_WHAT YOU NEED TO DO_
A faithful transcription of all the data, images excluded, is the required answer.

_INPUT DATA_
....................

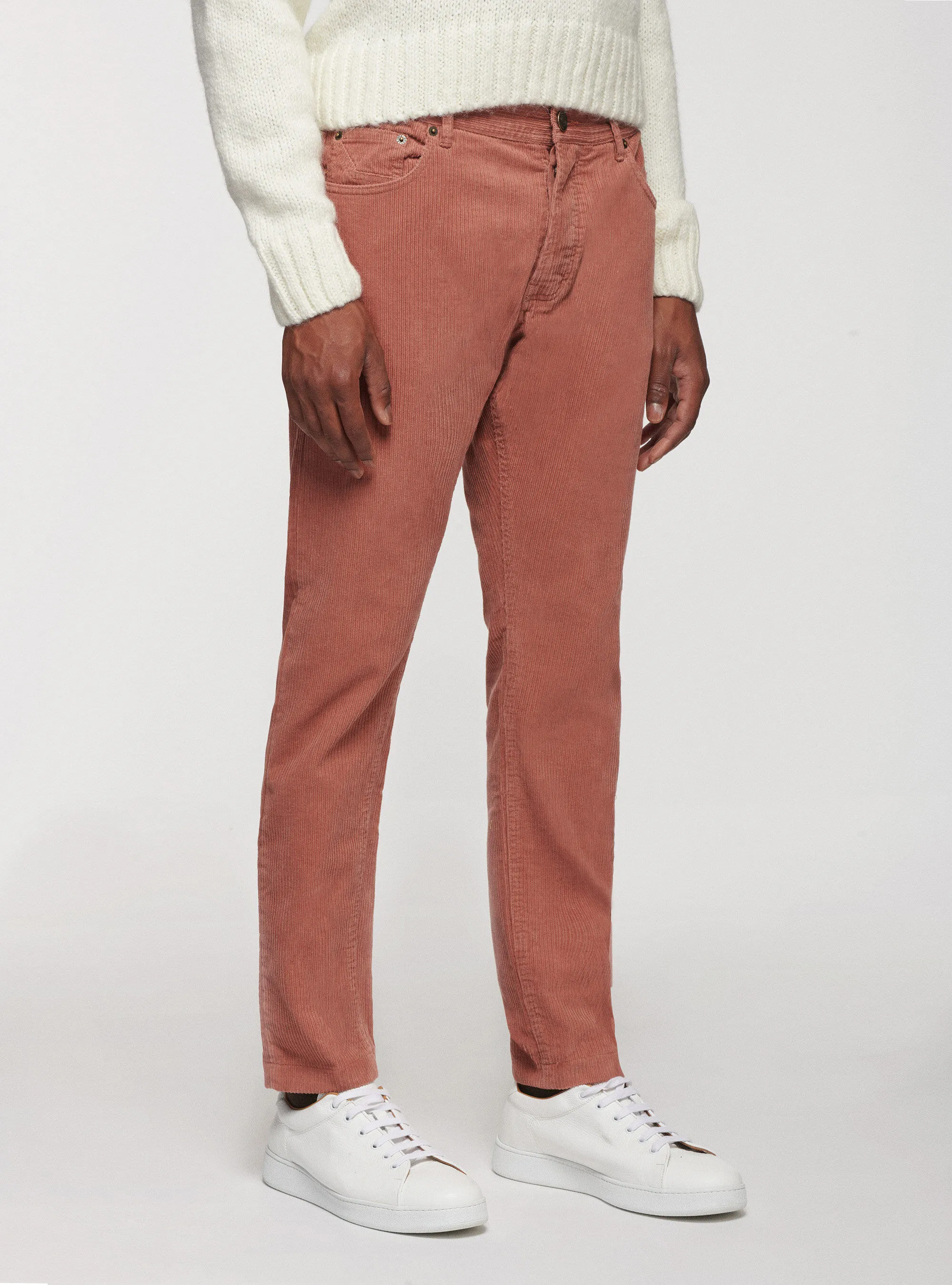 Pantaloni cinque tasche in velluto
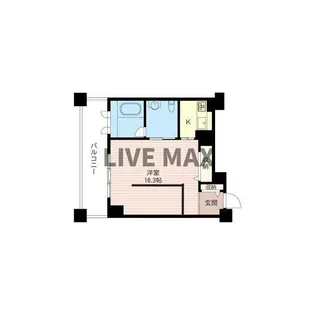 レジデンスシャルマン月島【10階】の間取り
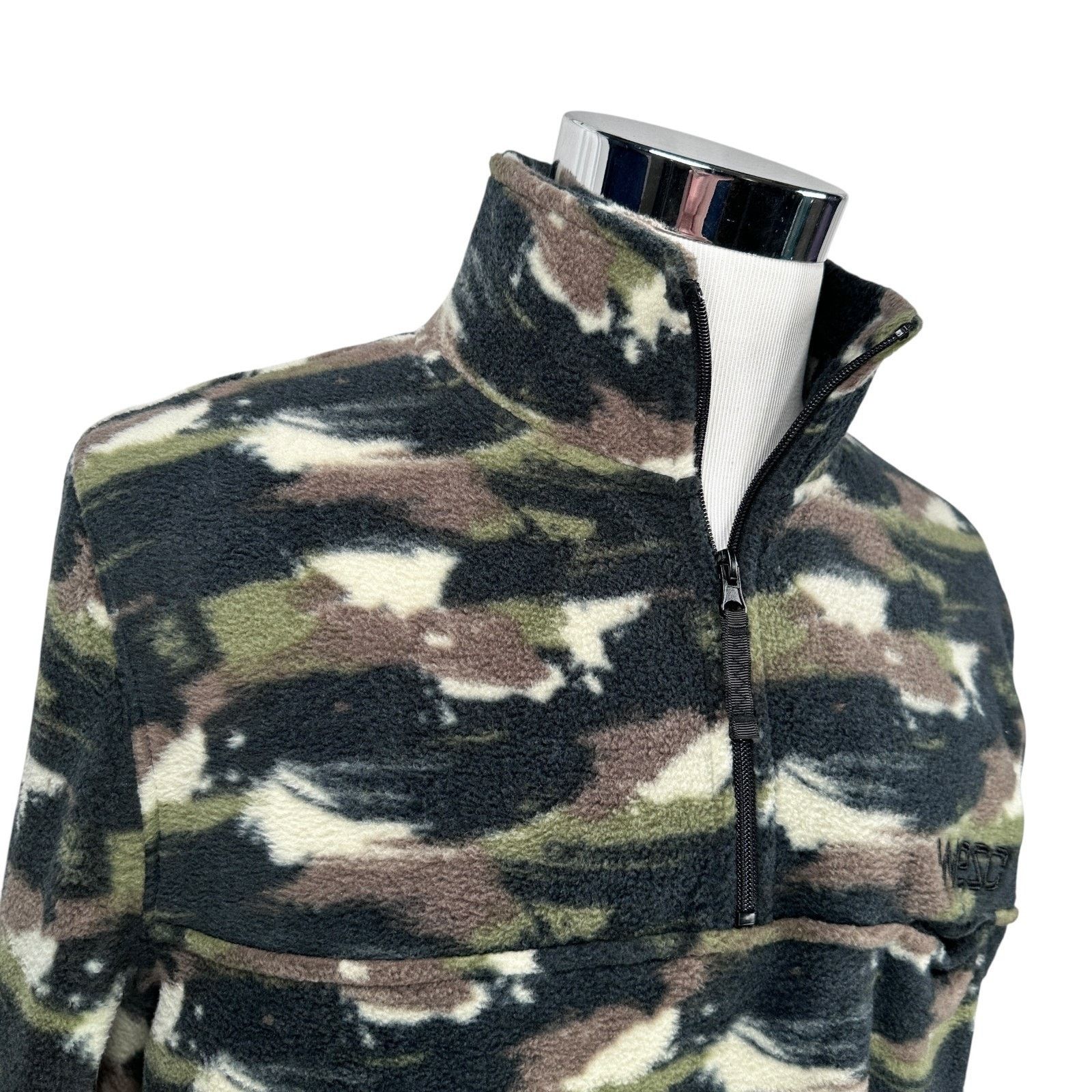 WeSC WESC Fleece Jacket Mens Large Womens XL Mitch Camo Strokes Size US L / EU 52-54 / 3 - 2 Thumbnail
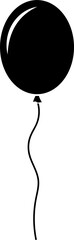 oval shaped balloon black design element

....................

_RESULT FOR THIS EXERCISE_
 Pantaloni cinque tasche in velluto
 レジデンスシャルマン月島【10階】の間取り
 WeSC WESC Fleece Jacket Mens Large Womens XL Mitch Camo Strokes Size US L / EU 52-54 / 3 - 2 Thumbnail
 oval shaped balloon black design element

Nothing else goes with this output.